In class, we used five points, but the last point was (5,6) instead of (6,5). This changes the numbers. rx,y goes up to .973328527..., which is above the 99% confidence threshold. The formula for the new predictor line is

yp = 1.2x - .2

Where we see the difference in these two different examples is in the residuals.

Point (1,1): |1 - 1.2*1 + .2| = 0
Point (2,2): |2 - 1.2*2 + .2| = 0.2
Point (3,4): |4 - 1.2*3 + .2| = 0.6
Point (4,4): |4 - 1.2*4 + .2| = 0.6
Point (5,6): |6 - 1.2*5 + .2| = 0.2

The closest point is now exactly on the line, which is a rarity, but even the farthest away point is only .6 units away, closer than the farthest away on the line with the lower correlation coefficient.

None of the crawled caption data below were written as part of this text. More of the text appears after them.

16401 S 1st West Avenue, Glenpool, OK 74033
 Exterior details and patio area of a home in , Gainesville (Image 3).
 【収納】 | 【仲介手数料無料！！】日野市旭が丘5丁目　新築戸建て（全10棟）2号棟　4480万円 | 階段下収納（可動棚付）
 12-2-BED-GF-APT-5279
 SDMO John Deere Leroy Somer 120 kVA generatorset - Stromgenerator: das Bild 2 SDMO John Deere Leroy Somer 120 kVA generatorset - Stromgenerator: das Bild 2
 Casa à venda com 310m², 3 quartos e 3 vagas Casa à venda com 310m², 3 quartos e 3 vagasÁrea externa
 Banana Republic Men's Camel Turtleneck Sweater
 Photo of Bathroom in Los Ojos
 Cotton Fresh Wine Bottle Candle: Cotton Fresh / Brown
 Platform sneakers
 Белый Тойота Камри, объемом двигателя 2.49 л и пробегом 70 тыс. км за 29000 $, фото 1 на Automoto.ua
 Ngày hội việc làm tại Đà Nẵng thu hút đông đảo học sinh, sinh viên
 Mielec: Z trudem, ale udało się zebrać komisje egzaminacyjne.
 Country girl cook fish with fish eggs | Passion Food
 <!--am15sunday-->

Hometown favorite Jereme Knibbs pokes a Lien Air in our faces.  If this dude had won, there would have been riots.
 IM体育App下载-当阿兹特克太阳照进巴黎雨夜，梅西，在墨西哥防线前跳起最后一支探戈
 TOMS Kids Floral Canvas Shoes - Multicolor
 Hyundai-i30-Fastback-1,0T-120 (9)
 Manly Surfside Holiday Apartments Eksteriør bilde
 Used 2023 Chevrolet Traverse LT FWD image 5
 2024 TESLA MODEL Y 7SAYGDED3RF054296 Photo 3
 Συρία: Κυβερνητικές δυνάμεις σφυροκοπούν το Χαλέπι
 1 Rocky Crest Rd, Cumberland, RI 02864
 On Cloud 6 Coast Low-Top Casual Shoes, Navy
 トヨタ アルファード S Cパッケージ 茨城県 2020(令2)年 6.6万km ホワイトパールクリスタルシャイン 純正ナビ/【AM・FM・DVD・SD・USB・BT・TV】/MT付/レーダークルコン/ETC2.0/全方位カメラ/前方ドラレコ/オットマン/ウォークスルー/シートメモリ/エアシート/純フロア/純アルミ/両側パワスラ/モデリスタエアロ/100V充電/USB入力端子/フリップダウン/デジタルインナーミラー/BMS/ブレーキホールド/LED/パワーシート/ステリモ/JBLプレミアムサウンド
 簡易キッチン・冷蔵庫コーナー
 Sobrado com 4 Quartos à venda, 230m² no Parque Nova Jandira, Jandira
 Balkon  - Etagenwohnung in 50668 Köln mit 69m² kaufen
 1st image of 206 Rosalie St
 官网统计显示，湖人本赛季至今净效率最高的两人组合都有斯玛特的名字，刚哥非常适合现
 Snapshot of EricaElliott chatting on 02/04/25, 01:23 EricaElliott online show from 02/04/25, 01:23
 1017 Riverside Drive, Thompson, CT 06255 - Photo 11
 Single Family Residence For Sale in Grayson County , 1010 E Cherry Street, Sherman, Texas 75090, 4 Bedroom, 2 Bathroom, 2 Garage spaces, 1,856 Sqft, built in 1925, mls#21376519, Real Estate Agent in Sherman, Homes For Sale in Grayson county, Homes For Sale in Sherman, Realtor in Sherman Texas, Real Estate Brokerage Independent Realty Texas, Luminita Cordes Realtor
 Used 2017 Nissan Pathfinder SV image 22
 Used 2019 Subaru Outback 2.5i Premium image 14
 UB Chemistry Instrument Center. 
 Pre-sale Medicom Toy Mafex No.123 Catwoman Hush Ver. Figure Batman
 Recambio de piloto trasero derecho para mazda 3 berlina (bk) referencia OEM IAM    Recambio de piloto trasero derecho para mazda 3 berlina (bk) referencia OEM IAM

As we get more points in our data set, we lower our threshold that shows correlation strength. This way, a few points that are outliers do not completely ruin the chances of the data showing correlation, though sometimes strong outliers can mess up the data set and the correlation coefficient gets so close to zero that we cannot reject the null hypothesis that the two variables are not simply related.

1 comment:

Prof. Hubbard said...

Here are the differences,

Mo.___2007___2008
Jan.__13.45__16.23 -2.78
Feb.__14.49__19.81 -5.32
Mar.__13.34__20.67 -7.33
Apr.__14.01__17.74 -3.73
May___12.90__18.19 -5.29
Jun.__13.19__17.50 -4.31
Jul.__12.86__18.84 -5.98
Aug.__12.02__15.27 -3.25
Sep.__12.77__12.62 +0.15
Oct.__14.17__11.16 +3.01
Nov.__14.69__10.26 +4.43
Dec.__14.76__10.66 +4.10

d-bar = -2.19 (absolute value 2.19)
s_d = 4.09

When Area in Two tails = .10 and d.f. = 11, our threshold is 1.796. we will use the absolute value to get a positive t-score.

t = 2.19/4.09*sqrt(12) = 1.855

(If you don't round the answers first, it's 1.854.)

In either case, we are below the threshold for 90% confidence, so we reject the null hypothesis that the values were the same.